**** Recorded data ****

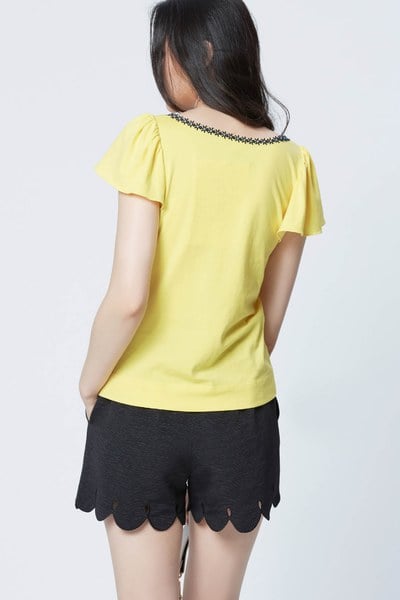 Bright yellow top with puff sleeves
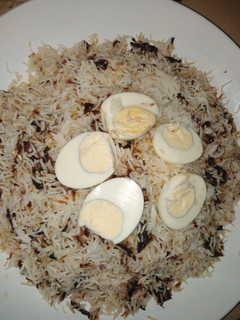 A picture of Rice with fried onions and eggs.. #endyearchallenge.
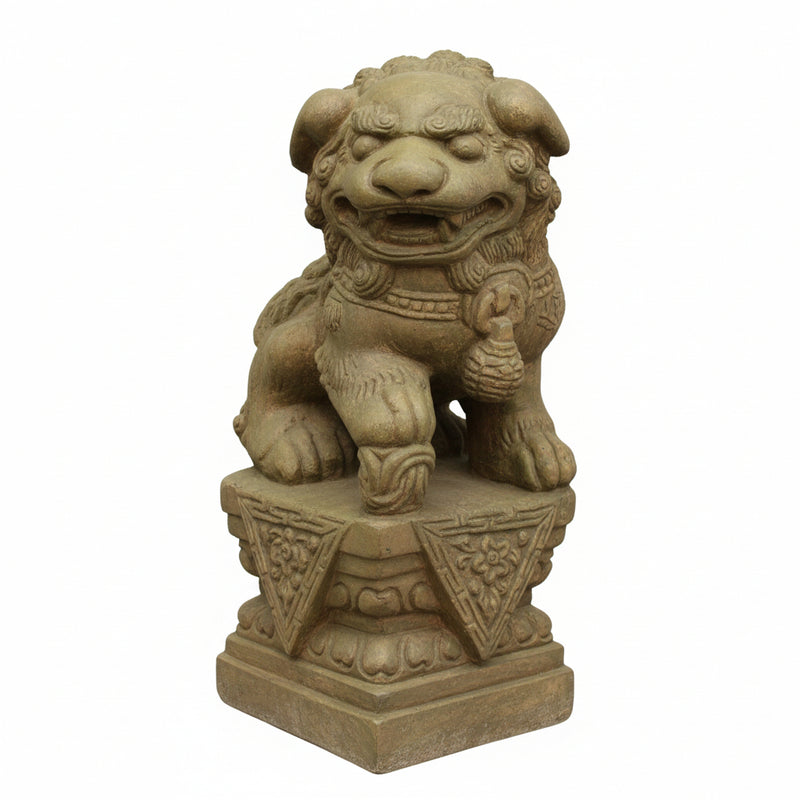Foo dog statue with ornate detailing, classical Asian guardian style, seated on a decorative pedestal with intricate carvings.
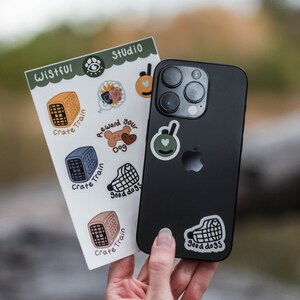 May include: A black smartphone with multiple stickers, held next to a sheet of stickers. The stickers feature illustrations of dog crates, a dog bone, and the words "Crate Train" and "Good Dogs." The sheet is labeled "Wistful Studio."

****

- [What is needed] Give the data above again, exactly and completely. No pictures go in.

- [Answer to the problem]
 Bright yellow top with puff sleeves
 A picture of Rice with fried onions and eggs.. #endyearchallenge.
Foo dog statue with ornate detailing, classical Asian guardian style, seated on a decorative pedestal with intricate carvings.
 May include: A black smartphone with multiple stickers, held next to a sheet of stickers. The stickers feature illustrations of dog crates, a dog bone, and the words "Crate Train" and "Good Dogs." The sheet is labeled "Wistful Studio."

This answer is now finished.